Finally, a recent study used data from people from social networks to find Multi-SIM subscribers within the same operator or between operators for improving campaigns and churn prediction models of Telecom customers .
In this section, we describe our methodology by summarising it in two meaningful steps: the single- and the cross-social data extrapolation steps.
In the single social data extrapolation step (Fig. 1), the picture and the name of the user are exploited as the input of the Social Module. The latter performs specific operations only over a single social network, beginning with a search of the user target by exploiting the photos and the name associated with his/her profile. The face recognition module tries to find a match between the discovered photos and the initial user’s picture. If a match is found, the social network module yields all the user profile data available on his/her specific social network.
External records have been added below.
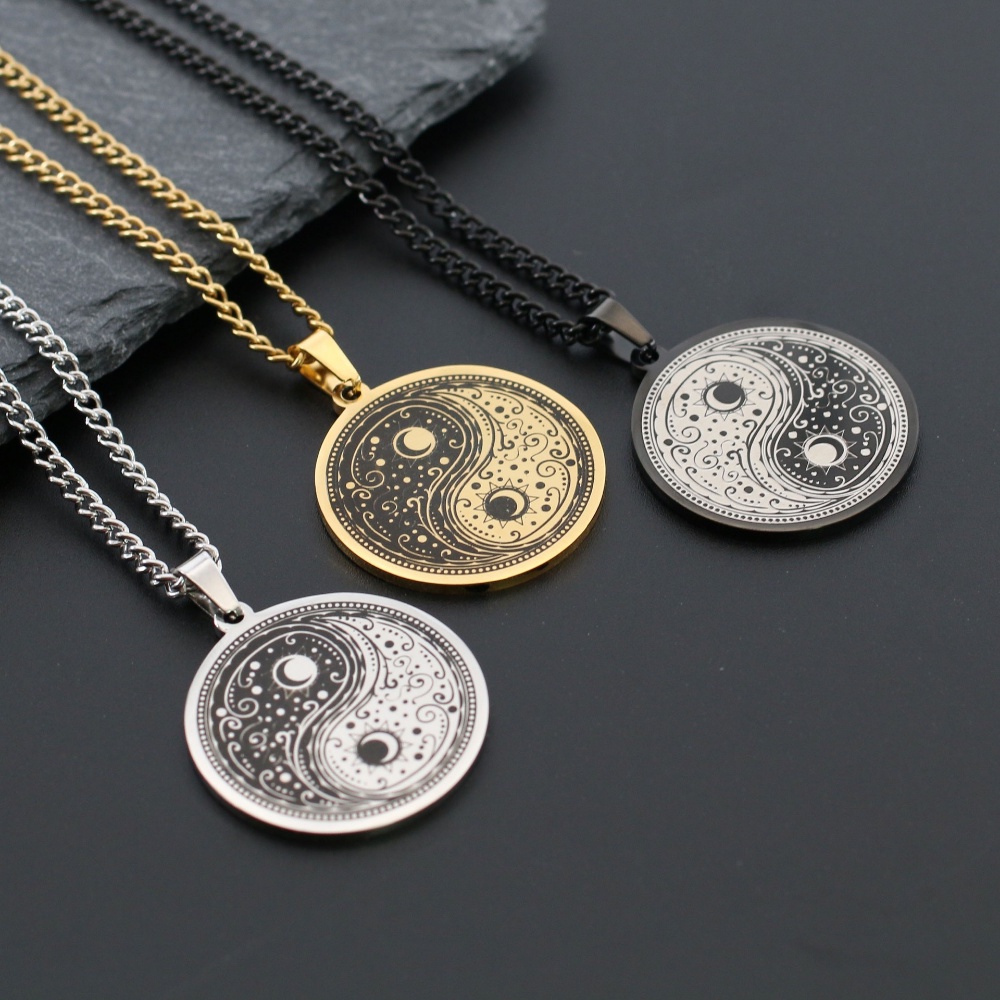 [X C Kalung] Baru Emas Dan Perak Hip Hop Punk Vintage Kreatif Yin Yang Tai Chi Titanium Steel Liontin Kalung Anti Karat Untuk Pria Dan Wanita Festival Hadiah Perhiasan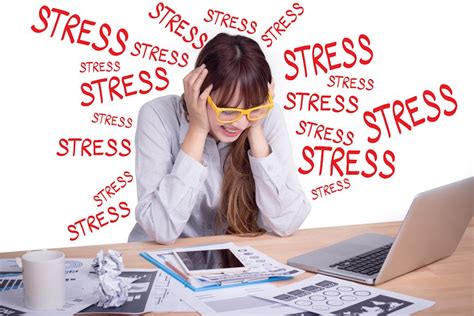Symptoms of Stress: Physical, Emotional, Behavioral & More 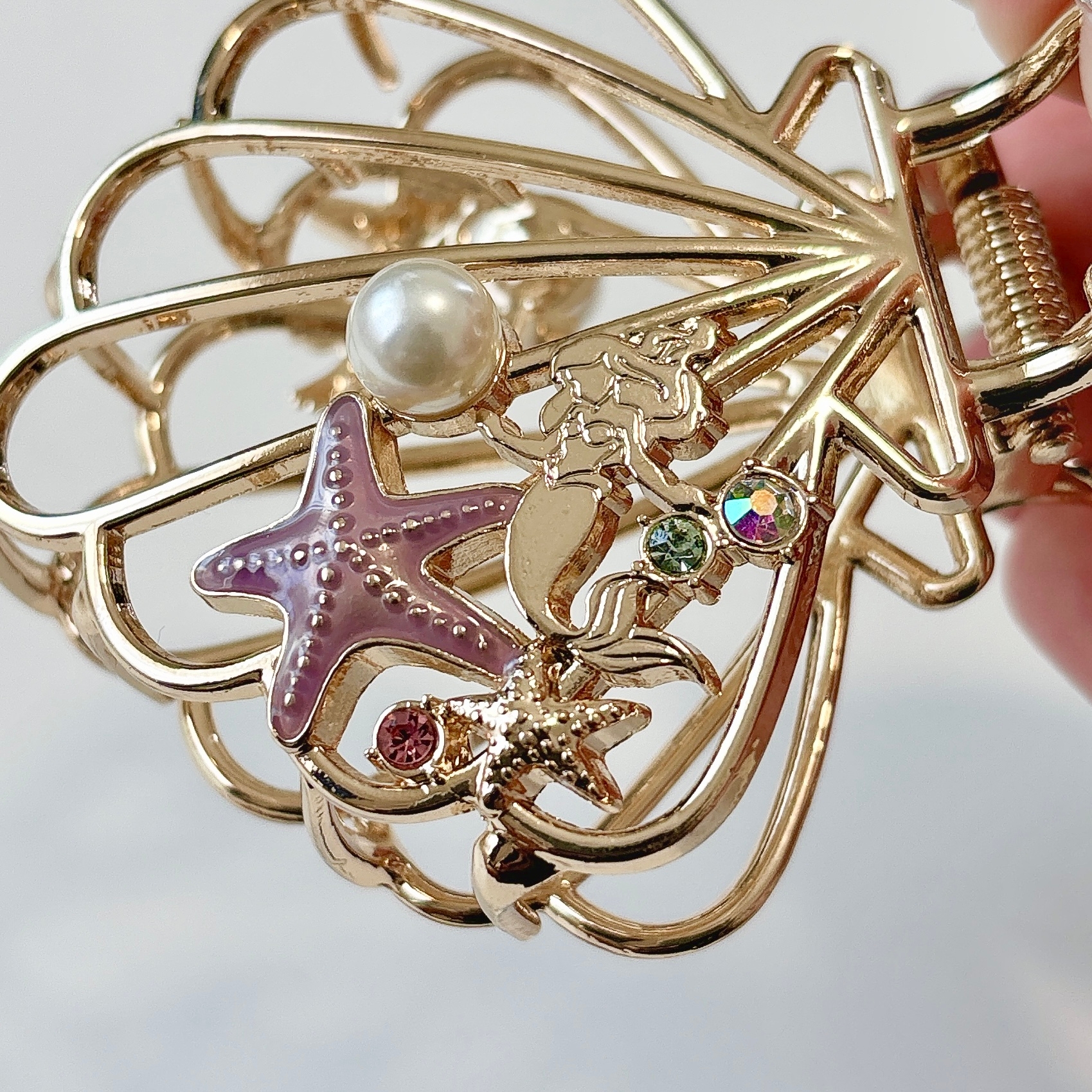 ディズニーお土産】ジュエリーショップに売ってそう！アリエルの「高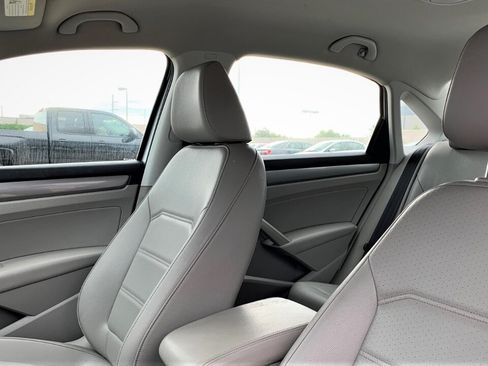 Used 2015 Volkswagen Passat 1.8T Limited Edition FWD image 10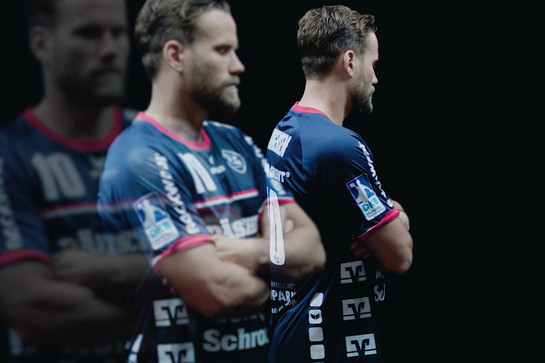 Ein SG Spieler aus drei perspektiven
The idea of exploiting a face recognition module is justified from the fact that it is used to avoid the homonymy of user’s names. In Fig. 1, it is possible to see the general process of the single social data extrapolation step.
In the cross-social data extrapolation step (Fig. 2), the way in which the inputs are exploited, and the interaction procedure of the face recognition module are the same as in the single social data extrapolation step. The main difference is the exploitation of multiple social network modules for extrapolating several user profile data. In particular, each module can extract user profile data from a specific social network. In this way, it possible to collect several user profile data from different social networks. Obviously, the only limitation is that the target user needs to own a registered profile on each social network. Finally, all the user profile data associated with each social network feed the integration module for aggregating all collected user profile data. In Fig. 2, it is possible to see the general process of the cross social data extrapolation step.
In our methodology, we differentiate a single analysis over a specific social network from a cross-analysis over multiple social networks. In this way, we can estimate the minimum amount of user data that is possible to extrapolate from a single social network, and evaluate the maximum number of users data that can be aggregated from different social networks.
In the following section, we describe in-depth all sub-modules included in our user data extrapolation tool, by explaining how they interact with each other.
Social data analyzer
Extracting user data from multiple social networks is a complex problem. There are several issues related to extraction that yield specific choices for the components of the SODA tool: (1) the number of users involved in the analysis process can be large, (2) each social network relies on different implementation technologies, and (3) continuous updates of the social network platforms require continuous maintenance of system components. To this end, we have built the tool SODA on top of the existing system Social Mapper,Footnote 4 extending several of its components aiming to tackle the issues mentioned above.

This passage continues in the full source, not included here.